• [DIRECTIONS]
Read the records below. Copy each line where the string "Toyota" occurs.

• [SUPPLIED MATERIAL]
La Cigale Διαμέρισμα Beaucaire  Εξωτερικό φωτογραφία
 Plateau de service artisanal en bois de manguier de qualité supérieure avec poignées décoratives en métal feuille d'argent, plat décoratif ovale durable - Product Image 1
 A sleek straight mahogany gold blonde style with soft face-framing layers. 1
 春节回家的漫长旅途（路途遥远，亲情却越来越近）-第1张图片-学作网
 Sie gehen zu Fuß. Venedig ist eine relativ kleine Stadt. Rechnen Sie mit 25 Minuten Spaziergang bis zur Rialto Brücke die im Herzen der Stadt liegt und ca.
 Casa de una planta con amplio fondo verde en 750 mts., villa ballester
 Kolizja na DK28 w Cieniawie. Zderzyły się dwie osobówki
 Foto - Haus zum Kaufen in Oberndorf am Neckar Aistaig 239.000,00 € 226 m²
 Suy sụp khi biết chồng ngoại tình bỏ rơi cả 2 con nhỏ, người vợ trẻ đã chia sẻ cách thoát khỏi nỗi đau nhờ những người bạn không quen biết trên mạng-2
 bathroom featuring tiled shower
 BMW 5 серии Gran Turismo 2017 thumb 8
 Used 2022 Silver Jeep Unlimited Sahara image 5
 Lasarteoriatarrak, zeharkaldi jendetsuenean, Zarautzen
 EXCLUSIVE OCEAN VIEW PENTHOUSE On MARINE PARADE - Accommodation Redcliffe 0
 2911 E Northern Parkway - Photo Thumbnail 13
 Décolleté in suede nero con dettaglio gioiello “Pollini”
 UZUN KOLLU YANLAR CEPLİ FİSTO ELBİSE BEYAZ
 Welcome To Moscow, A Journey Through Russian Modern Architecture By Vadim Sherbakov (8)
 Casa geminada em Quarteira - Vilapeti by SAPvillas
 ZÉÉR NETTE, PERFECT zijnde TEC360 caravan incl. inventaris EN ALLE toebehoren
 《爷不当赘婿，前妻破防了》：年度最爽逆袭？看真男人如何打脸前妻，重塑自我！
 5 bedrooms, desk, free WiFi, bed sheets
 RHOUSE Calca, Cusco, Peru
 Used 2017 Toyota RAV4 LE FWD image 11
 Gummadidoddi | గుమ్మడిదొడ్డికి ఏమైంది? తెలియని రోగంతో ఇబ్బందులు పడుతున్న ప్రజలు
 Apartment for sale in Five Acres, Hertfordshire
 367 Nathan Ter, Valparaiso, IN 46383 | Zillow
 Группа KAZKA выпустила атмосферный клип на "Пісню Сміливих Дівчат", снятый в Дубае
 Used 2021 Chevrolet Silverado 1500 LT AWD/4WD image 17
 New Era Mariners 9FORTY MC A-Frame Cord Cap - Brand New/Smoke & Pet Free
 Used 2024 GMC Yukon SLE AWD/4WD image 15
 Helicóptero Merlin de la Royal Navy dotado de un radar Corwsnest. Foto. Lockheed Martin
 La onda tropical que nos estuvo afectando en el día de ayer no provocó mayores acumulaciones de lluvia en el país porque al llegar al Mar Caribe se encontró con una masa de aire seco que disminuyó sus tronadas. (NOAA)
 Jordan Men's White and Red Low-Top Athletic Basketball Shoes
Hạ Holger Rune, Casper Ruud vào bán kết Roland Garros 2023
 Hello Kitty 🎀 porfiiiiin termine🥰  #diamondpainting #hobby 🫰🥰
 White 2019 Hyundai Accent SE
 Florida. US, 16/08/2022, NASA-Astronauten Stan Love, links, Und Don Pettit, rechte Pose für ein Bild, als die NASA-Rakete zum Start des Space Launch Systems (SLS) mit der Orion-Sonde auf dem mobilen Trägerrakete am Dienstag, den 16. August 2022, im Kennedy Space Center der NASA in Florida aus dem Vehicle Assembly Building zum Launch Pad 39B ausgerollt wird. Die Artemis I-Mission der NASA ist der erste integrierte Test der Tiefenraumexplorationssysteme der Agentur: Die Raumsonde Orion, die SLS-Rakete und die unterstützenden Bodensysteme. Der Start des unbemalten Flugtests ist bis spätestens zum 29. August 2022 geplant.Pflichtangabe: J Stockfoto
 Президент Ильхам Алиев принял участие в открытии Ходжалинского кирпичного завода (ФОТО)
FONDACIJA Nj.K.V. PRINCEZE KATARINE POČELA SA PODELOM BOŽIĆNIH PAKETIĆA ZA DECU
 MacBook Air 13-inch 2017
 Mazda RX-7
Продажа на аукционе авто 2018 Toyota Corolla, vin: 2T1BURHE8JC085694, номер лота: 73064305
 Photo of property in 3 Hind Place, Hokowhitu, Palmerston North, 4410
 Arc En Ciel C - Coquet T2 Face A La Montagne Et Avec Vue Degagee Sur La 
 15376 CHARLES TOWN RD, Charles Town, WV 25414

• [RESULT BELOW]
 Used 2017 Toyota RAV4 LE FWD image 11
Продажа на аукционе авто 2018 Toyota Corolla, vin: 2T1BURHE8JC085694, номер лота: 73064305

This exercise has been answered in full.